Sarah Solomon, Gender and Women’s Studies
La Revanche Du Coeur: Women’s Oral Traditions as Strategies for Resistance in Mali
Faculty Mentor: Dr. Gloria Chuku
During my semester studying abroad in Mali, I plan to explore the research question: do women in Mali use oral traditions as strategies for resistance? I am interested in gathering stories from women who engage in oral traditions, such as ritual songs, ceremonial songs, and oral stories and family histories. I will investigate whether these oral traditions are liberating for women in Mali by analyzing whether or not they allow women to create strong social networks, to challenge or resist existing gender norms and expectations, or to increase their participation in political, cultural or social activities. I am also particularly interested in the incorporation of women’s oral traditions by contemporary female pop singers in Mali. I plan to research how contemporary pop music is an emerging space in which to examine shifting gender norms among new generations of Malians.
How did you find your mentor for this project?
My mentor was the professor of a class that I was taking at the time I decided to apply for a URA.
How did you know this was the project you wanted to do?
I did a research paper on the topic for a class and realized that I wanted to explore further the questions that I asked in the conclusion of my paper.
Is this your first independent research project?
Do you get course credit for this work?
I will be getting course credit for the study abroad program in which I am participating, and my research project is part of this program.
How much time do you put into it?
I will spend one semester working on the research, plus months of preliminary research.
What academic background did you have before you started?
Three years of college majoring in Gender and Women’s Studies.
You have a $1,500 Undergraduate Research Award from UMBC for your work. How did you hear about this program?
Through professors and the e-mails constantly sent out by the Office of Undergraduate Education
Was the application difficult to do?
Not at all, it was daunting at first but when I sat down to do it I found that it was very simple.
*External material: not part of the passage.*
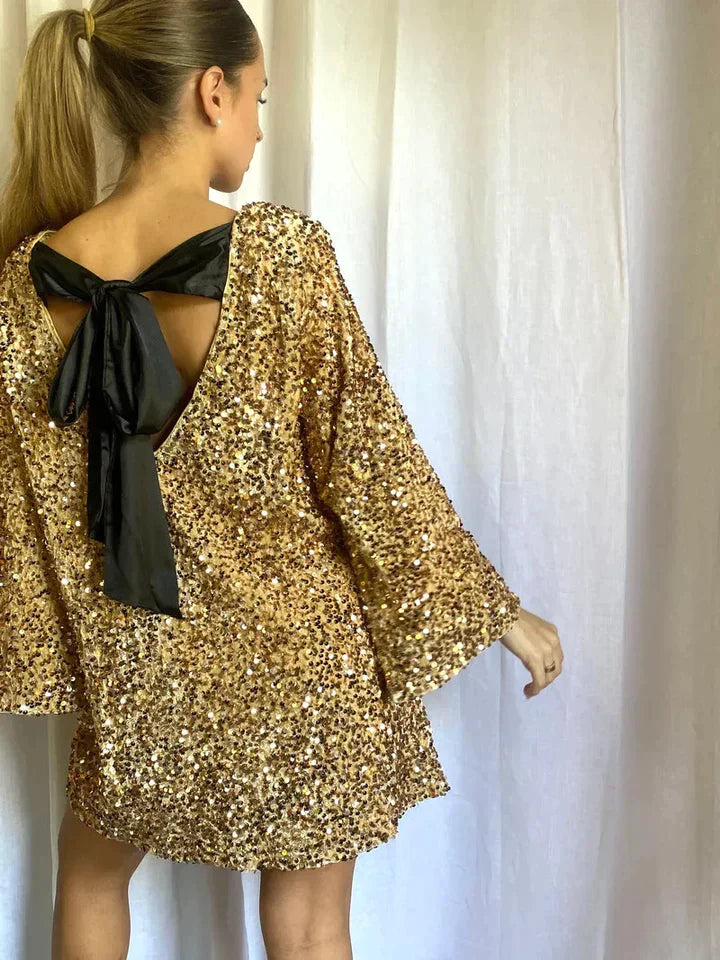 Trendy Glitter Midi Dress - Stella-Gold-XS-Nora Luxe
How much did your mentor help you with this?
She looked over it for me and made minor comments.
What is your advice to other students about getting involved in research?
Do it do it do it. It is a wonderful opportunity to do research on topics of your interest and choosing, and it looks great to grad schools.
What are your career goals?
I hope to receive an M.A. in Gender and Women’s Studies as well as a law degree, and work in the public interest sector.
What has been the hardest part about your research?
I’m sure the hardest part is yet to come, since I have not left for Africa yet.
What was the most unexpected thing?
The most unexpected thing was how my research topic related so closely to the academic work that I was doing in several of my classes, which was great preparation for me.